Topology and quantization of abelian sigma model in (1+1) dimensions

TL;DR

This paper investigates the quantization of the abelian sigma model in (1+1) dimensions, revealing an infinite variety of inequivalent quantum representations influenced by topology and central extensions.

Contribution

It introduces a framework for understanding the algebra of the quantum field in a topologically nontrivial setting, highlighting the role of central extensions and continuous parameters.

Findings

Existence of infinitely many unitary inequivalent representations.

Characterization of representations by a central extension and a continuous parameter.

Nontrivial commutator relations for winding operator and zero-mode momentum.

Abstract

It is known that there exist an infinite number of inequivalent quantizations on a topologically nontrivial manifold even if it is a finite-dimensional manifold. In this paper we consider the abelian sigma model in (1+1) dimensions to explore a system having infinite degrees of freedom.

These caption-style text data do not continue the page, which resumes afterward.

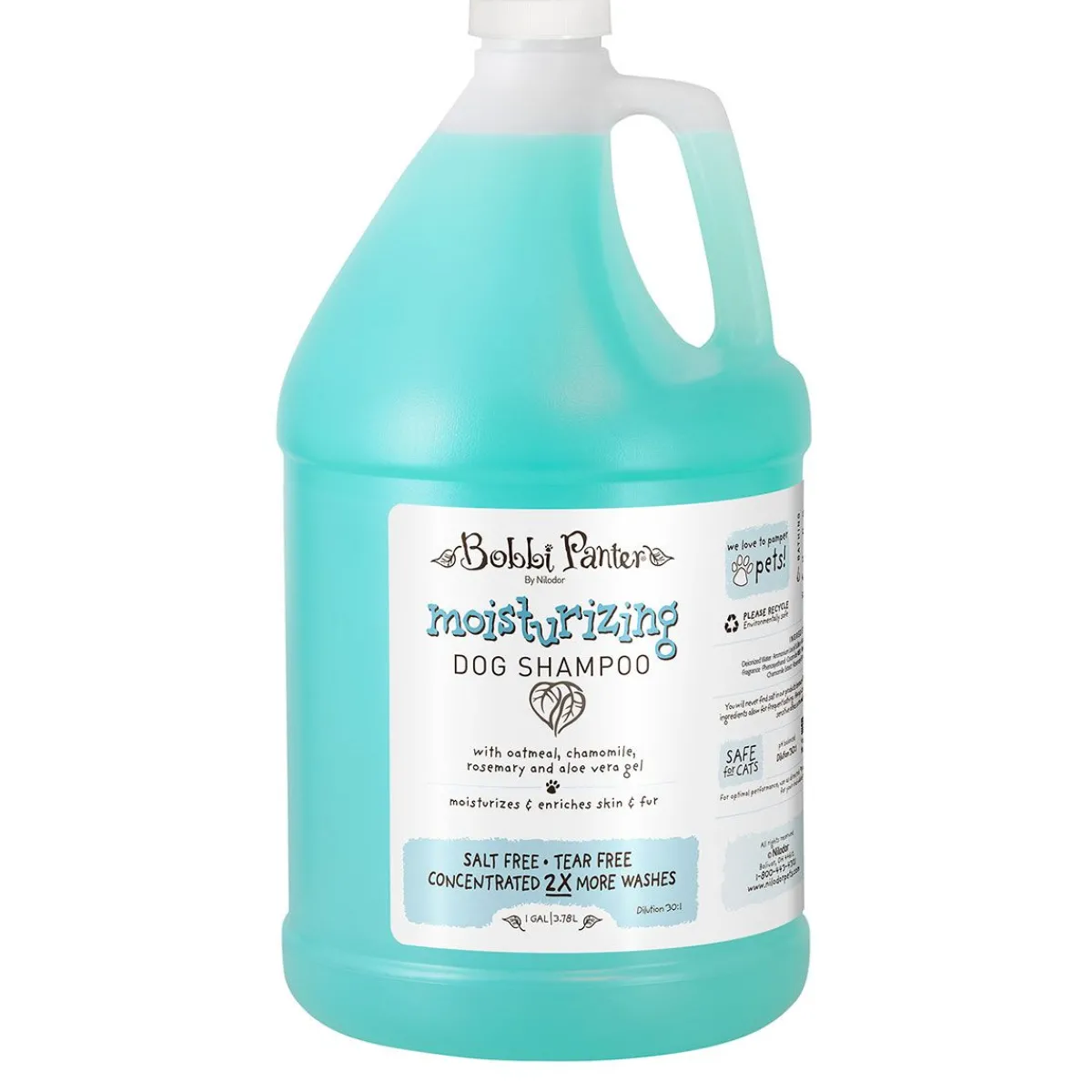 bobbi_panter_botanical_moisturizing_shampoo__2.webp Ryan's Pet Supplies Bobbi Panter Botanical Moisturizing Shampoo 20:1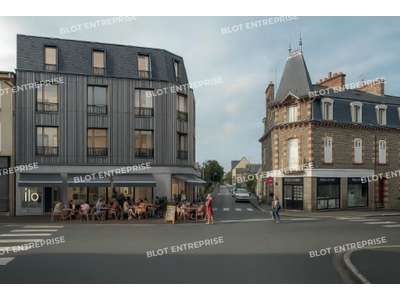 Location Bureaux à Dinard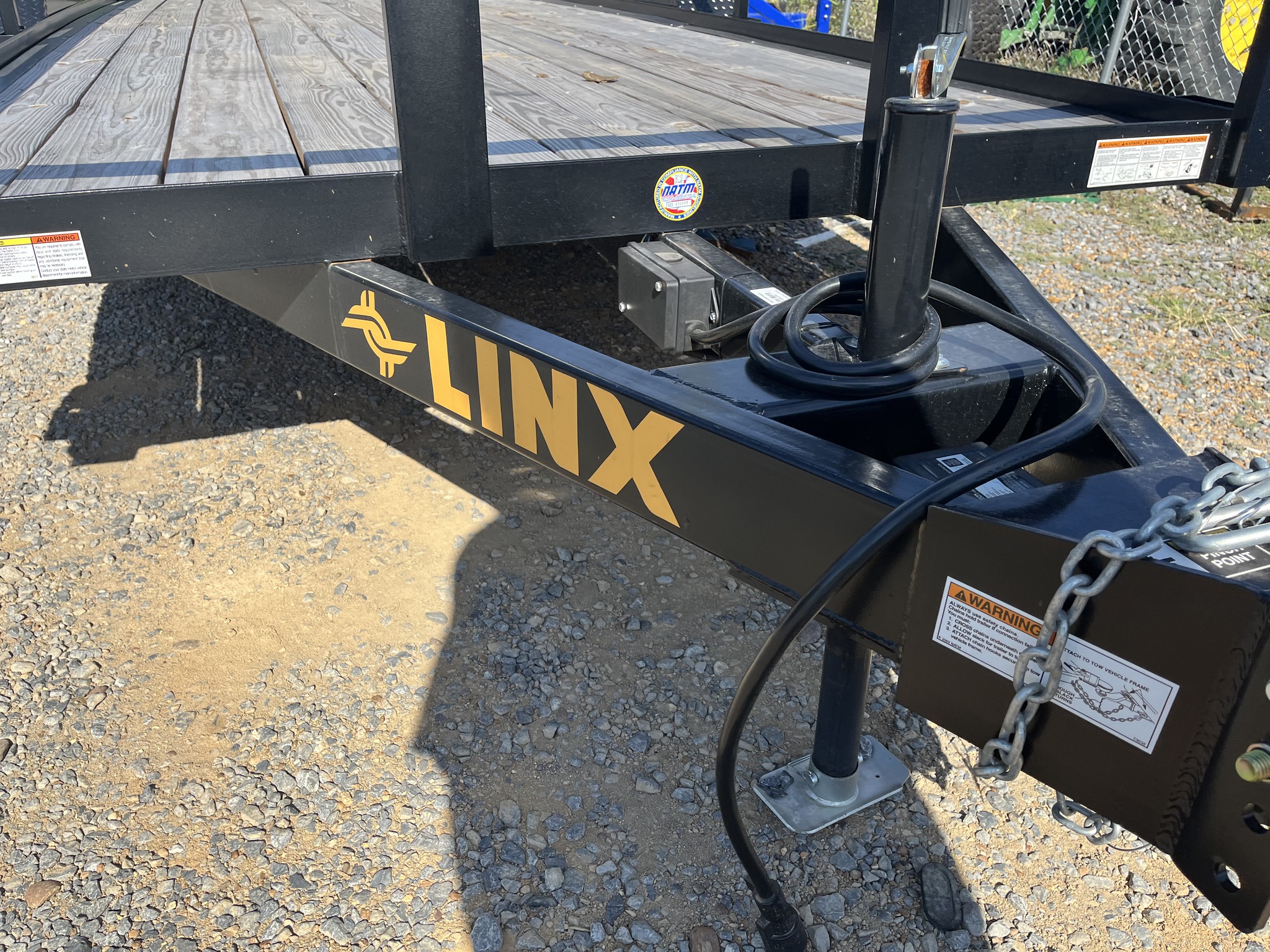 Linx EQ7018-RS Image 1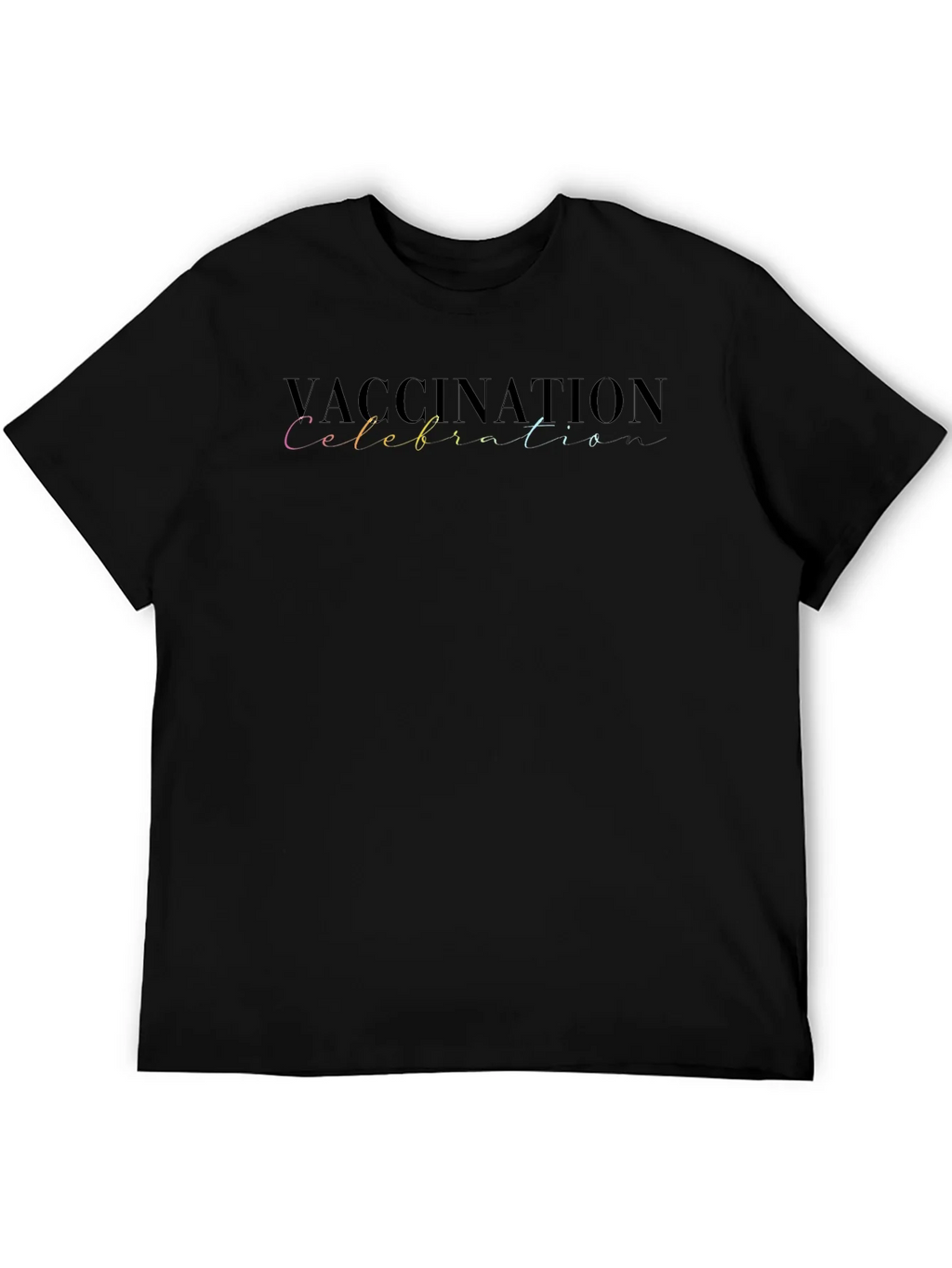 Vaccination Celebration T-Shirt product image 5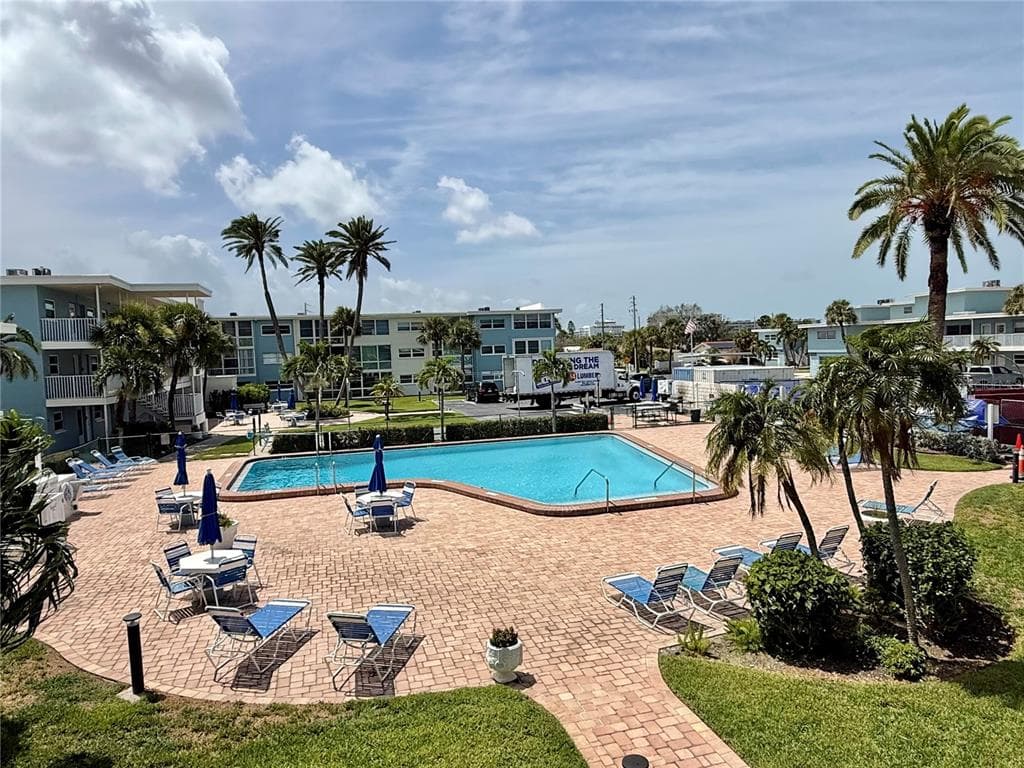6111 E 2ND STREET E # #17, ST PETE BEACH, FL 33706 — zdjęcie 4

The model has a field variable $ \phi : S^1 \to S^1 $. An algebra of the quantum field is defined respecting the topological aspect of this model. A central extension of the algebra is also introduced. It is shown that there exist an infinite number of unitary inequivalent representations, which are characterized by a central extension and a continuous parameter $ \alpha $ $ ( 0 \le \alpha < 1 ) $. When the central extension exists, the winding operator and the zero-mode momentum obey a nontrivial commutator.